* _Information given_:

□ □ □

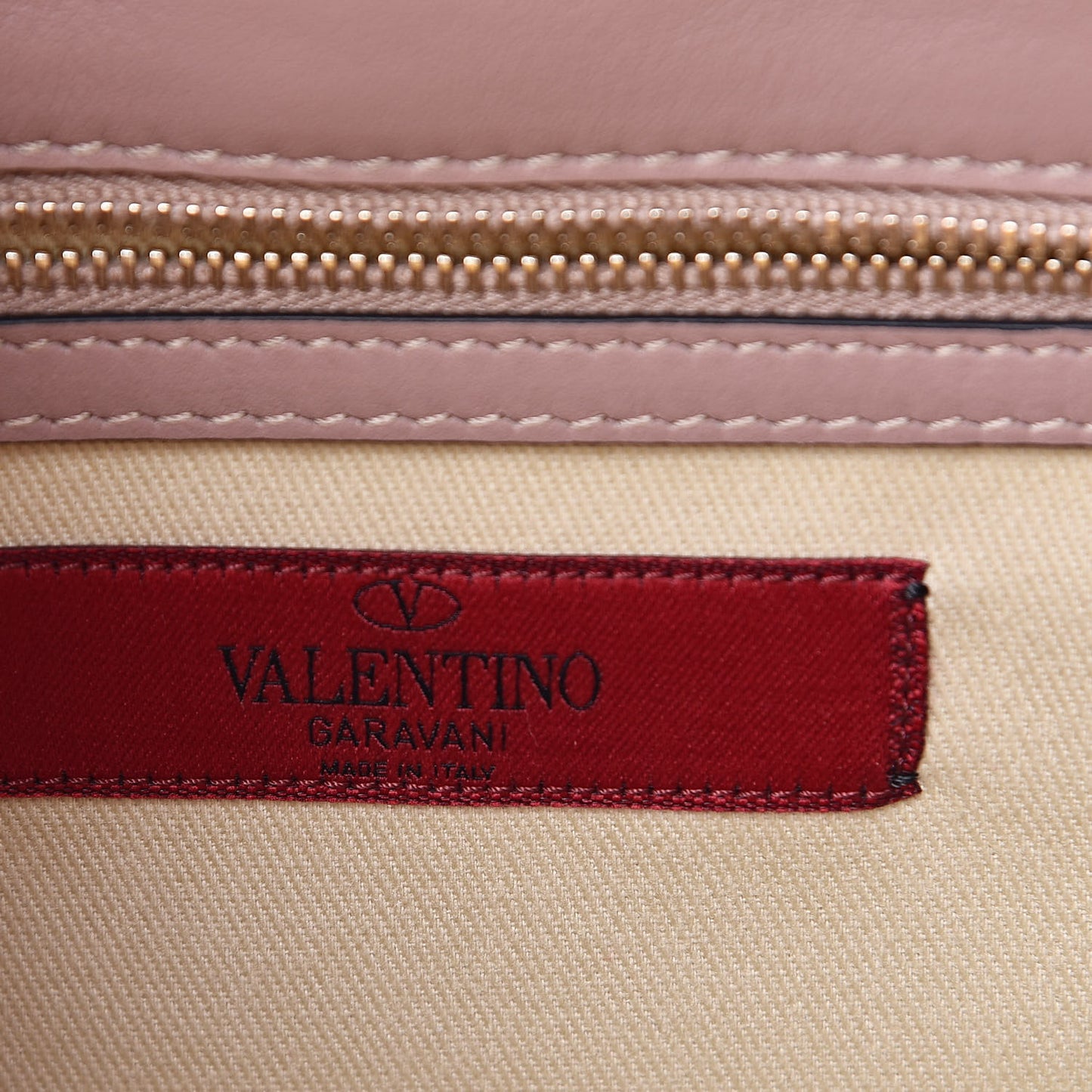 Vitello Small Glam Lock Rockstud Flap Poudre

□ □ □

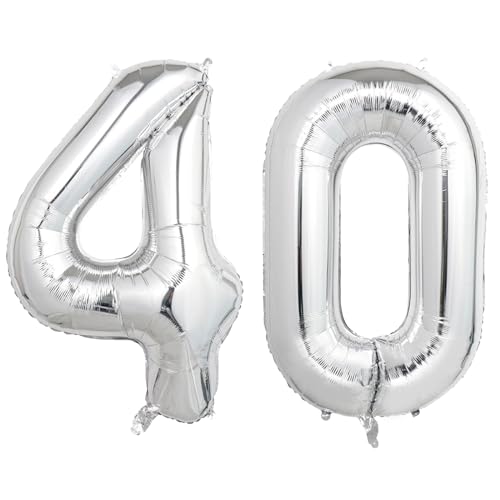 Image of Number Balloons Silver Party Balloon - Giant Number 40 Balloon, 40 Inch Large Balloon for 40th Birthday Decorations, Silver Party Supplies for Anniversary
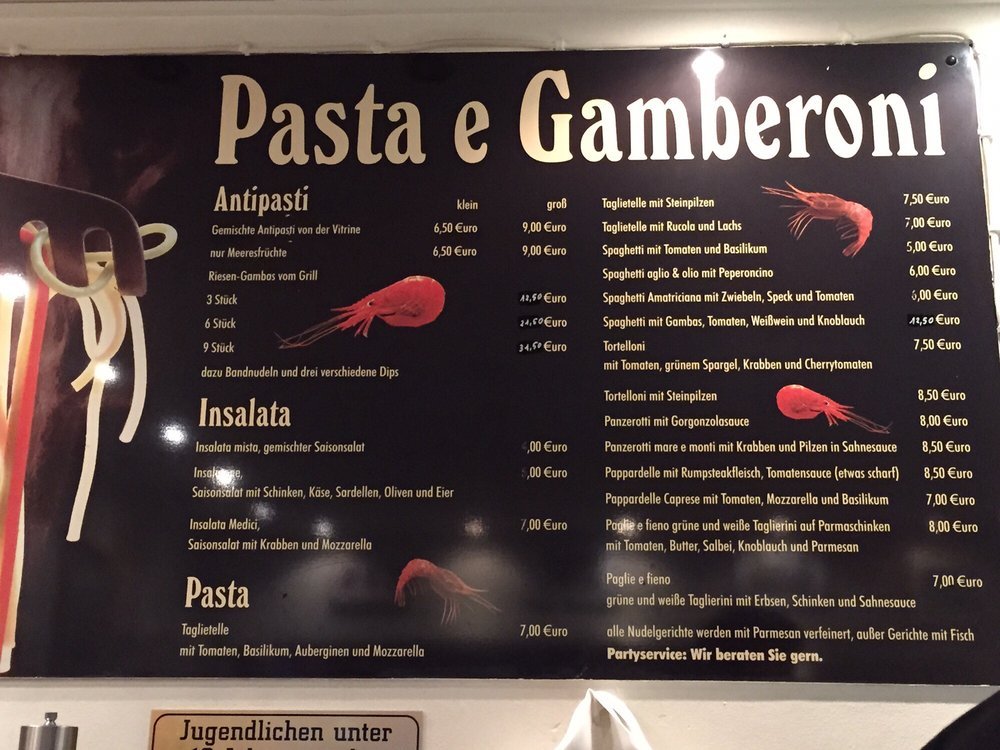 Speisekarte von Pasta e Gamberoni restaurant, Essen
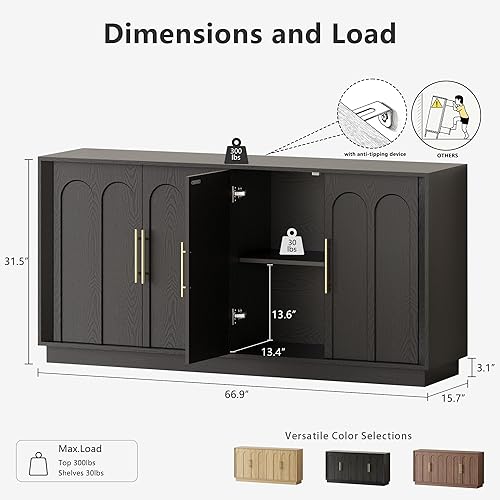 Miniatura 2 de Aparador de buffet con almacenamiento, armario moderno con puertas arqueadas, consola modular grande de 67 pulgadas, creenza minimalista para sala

□ □ □

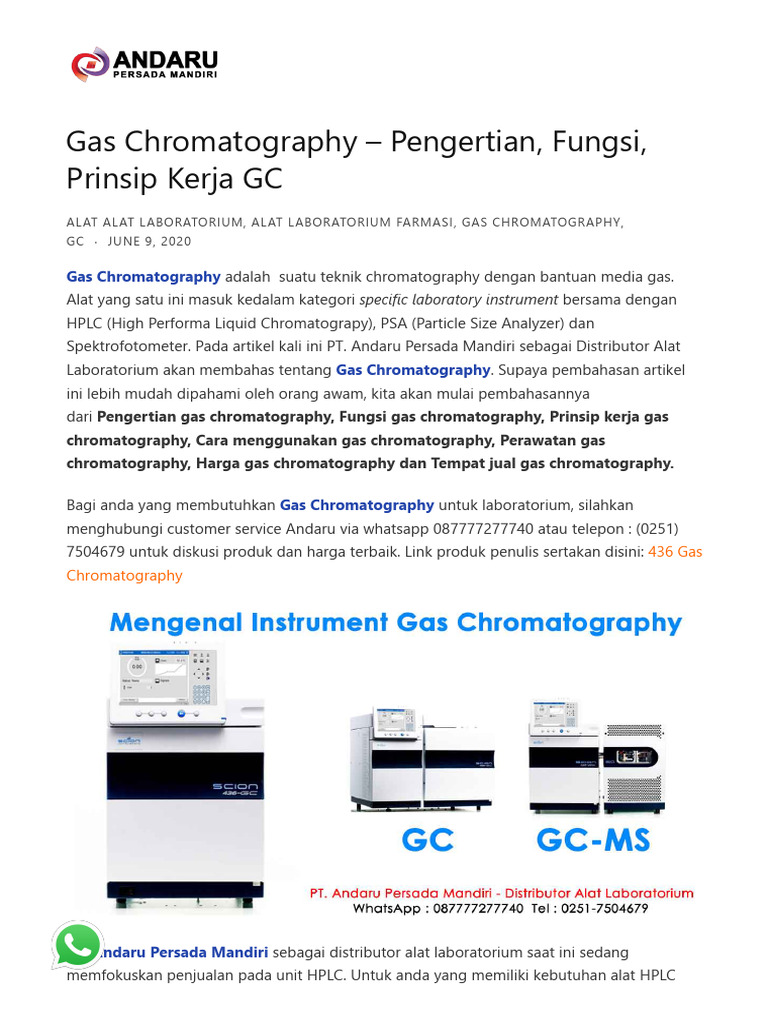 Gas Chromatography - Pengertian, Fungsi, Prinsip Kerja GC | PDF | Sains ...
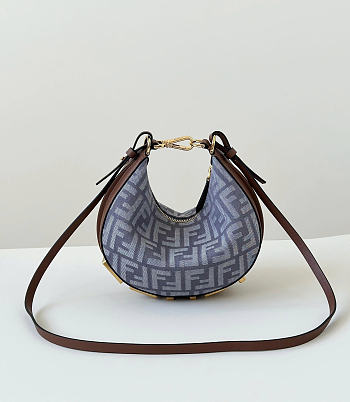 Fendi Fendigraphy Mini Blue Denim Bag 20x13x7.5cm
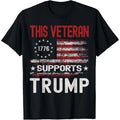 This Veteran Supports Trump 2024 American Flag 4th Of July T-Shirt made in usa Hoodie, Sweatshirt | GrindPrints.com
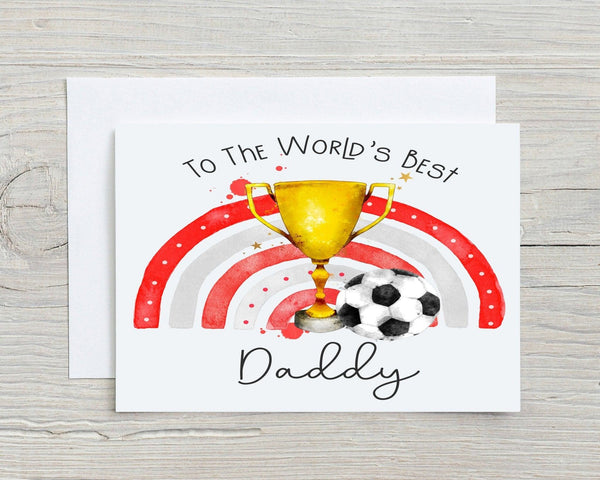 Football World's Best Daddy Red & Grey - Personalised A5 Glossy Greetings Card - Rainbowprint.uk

□ □ □

* _Work to complete_:
Return, exactly as they stand, the lines above from the one with "Image of Number" to the one with "Speisekarte von Pasta", omitting any pictures among them.

* _Exercise output_:
 Image of Number Balloons Silver Party Balloon - Giant Number 40 Balloon, 40 Inch Large Balloon for 40th Birthday Decorations, Silver Party Supplies for Anniversary
 Speisekarte von Pasta e Gamberoni restaurant, Essen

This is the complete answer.